### Input
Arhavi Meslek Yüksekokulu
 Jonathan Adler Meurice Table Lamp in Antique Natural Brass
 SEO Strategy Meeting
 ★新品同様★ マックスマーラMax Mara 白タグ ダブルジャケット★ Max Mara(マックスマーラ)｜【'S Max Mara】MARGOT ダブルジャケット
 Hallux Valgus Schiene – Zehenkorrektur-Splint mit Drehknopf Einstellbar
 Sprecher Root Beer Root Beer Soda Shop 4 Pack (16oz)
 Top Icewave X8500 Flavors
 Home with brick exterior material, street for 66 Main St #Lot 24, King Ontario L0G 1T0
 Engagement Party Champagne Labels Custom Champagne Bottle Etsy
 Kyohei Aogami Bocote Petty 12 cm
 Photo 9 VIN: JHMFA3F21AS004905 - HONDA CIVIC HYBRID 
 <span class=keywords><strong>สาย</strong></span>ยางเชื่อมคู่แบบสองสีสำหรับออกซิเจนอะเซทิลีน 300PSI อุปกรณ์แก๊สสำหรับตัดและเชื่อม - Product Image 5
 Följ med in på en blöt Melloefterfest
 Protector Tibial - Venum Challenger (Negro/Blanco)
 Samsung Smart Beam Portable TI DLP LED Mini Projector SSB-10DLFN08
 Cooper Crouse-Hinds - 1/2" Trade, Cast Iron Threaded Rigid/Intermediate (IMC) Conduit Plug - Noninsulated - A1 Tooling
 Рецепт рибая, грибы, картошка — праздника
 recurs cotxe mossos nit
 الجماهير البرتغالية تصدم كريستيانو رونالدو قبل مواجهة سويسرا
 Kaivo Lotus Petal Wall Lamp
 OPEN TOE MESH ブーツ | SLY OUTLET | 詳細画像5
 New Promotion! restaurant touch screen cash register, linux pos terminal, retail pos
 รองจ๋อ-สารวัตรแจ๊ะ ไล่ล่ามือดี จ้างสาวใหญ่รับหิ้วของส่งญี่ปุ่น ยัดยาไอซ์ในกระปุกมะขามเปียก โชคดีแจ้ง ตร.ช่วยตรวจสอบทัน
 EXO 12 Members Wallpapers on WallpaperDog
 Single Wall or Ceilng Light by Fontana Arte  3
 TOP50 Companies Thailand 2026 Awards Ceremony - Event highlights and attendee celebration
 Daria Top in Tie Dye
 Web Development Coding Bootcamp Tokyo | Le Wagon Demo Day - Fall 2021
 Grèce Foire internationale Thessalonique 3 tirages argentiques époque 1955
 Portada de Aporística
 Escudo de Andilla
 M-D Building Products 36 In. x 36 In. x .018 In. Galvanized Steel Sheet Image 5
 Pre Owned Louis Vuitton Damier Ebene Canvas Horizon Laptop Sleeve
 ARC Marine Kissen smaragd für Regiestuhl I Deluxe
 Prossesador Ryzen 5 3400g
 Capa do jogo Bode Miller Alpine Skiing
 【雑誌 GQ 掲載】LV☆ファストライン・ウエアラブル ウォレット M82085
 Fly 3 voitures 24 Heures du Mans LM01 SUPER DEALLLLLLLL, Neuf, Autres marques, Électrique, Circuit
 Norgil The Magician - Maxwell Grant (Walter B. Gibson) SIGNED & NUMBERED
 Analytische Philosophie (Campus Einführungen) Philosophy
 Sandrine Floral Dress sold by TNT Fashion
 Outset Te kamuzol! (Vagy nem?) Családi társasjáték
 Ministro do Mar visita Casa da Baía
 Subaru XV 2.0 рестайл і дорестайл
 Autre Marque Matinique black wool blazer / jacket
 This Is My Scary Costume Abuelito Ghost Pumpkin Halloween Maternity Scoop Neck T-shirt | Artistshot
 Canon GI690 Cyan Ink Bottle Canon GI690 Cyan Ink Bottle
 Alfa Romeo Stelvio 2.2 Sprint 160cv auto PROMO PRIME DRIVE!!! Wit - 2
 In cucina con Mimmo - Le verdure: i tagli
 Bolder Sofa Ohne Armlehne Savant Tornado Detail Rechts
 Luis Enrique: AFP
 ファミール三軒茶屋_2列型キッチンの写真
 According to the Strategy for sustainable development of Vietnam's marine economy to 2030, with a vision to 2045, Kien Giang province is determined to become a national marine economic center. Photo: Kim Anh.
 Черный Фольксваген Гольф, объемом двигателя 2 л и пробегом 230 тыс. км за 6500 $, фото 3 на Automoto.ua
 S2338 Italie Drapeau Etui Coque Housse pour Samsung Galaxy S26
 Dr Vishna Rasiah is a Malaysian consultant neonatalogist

### Exercise
From the records above, copy out the line with "Grèce Foire internationale", the line with "Subaru XV 2.0 рестайл і дорестайл", and every line between them, word for word.

### Result below
 Grèce Foire internationale Thessalonique 3 tirages argentiques époque 1955
 Portada de Aporística
 Escudo de Andilla
 M-D Building Products 36 In. x 36 In. x .018 In. Galvanized Steel Sheet Image 5
 Pre Owned Louis Vuitton Damier Ebene Canvas Horizon Laptop Sleeve
 ARC Marine Kissen smaragd für Regiestuhl I Deluxe
 Prossesador Ryzen 5 3400g
 Capa do jogo Bode Miller Alpine Skiing
 【雑誌 GQ 掲載】LV☆ファストライン・ウエアラブル ウォレット M82085
 Fly 3 voitures 24 Heures du Mans LM01 SUPER DEALLLLLLLL, Neuf, Autres marques, Électrique, Circuit
 Norgil The Magician - Maxwell Grant (Walter B. Gibson) SIGNED & NUMBERED
 Analytische Philosophie (Campus Einführungen) Philosophy
 Sandrine Floral Dress sold by TNT Fashion
 Outset Te kamuzol! (Vagy nem?) Családi társasjáték
 Ministro do Mar visita Casa da Baía
 Subaru XV 2.0 рестайл і дорестайл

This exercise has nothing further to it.